Oh ok now i dont feel alone. Ive got racks of trimmed, planed off cut pieces. Hundreds of pen blanks. Knife and pistol grip size pieces. I cant throw them out. Ive listed some and cant sell them. Alot if times the shipping is more than the product. Im going to sit on them and maybe someday over the rainbow. !!!!

Reactions: Like 5


----------



## Mr. Peet (Jan 19, 2021)

sprucegum said:


> I have been told that white cedar shavings are good mulch for blueberry plants. Supposed to repel bugs . Never tried it.

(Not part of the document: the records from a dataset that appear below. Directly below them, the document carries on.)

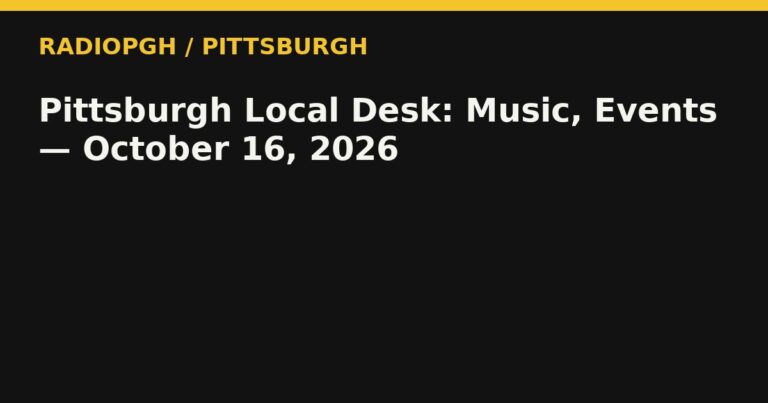 Pittsburgh Local Desk: Music, Events — October 16, 2026 — RadioPGH editorial title art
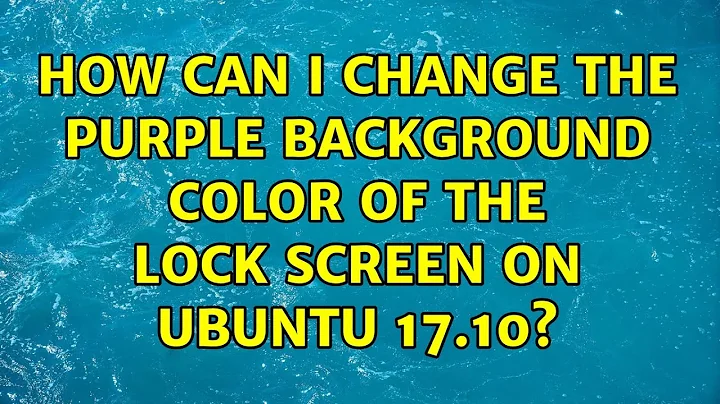 Ubuntu: How can I change the purple background color of the lock screen on Ubuntu 17.10?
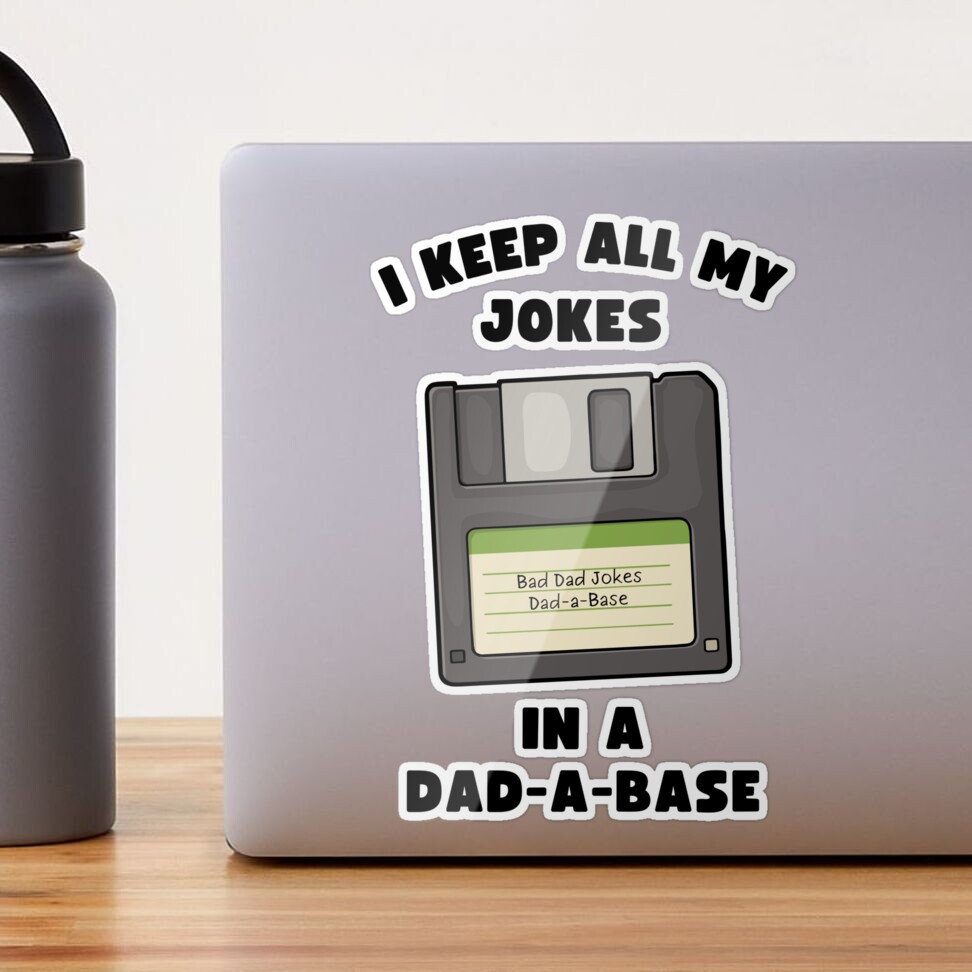 I Keep All My Dad Jokes in a Dad-A-Base ( Data Base)- 11 Ounce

They can be, just be mindful of soil ph. The junipers are supposed to detour bugs more. Down side is timing. Wet the mulch, otherwise moles and voles and rabbits will nest.


----------



## Mike Hill (Jan 20, 2021)

Gary Schuler said:


> Oh ok now i dont feel alone. Ive got racks of trimmed, planed off cut pieces. Hundreds of pen blanks. Knife and pistol grip size pieces. I cant throw them out. Ive listed some and cant sell them. Alot if times the shipping is more than the product. Im going to sit on them and maybe someday over the rainbow. !!!!


----------



## Mike Hill (Jan 20, 2021)

Maverick said:


> I am going to try and translate what Mike said into English....You are on Woodbarter surrounded by normal woodworks who love wood. Thus you are normal and nothing to be concerned about. Relax and enjoy your hobby!!


Wish I knew how to do that!!!!

Reactions: Like 2


----------



## Maverick (Jan 20, 2021)

Mike Hill said:


> Wish I knew how to do that!!!!



BTW Mike, I love your prose when you wax eloquently. Keep it up.

Reactions: Thank You! 1 | Agree 1 | Funny 2


----------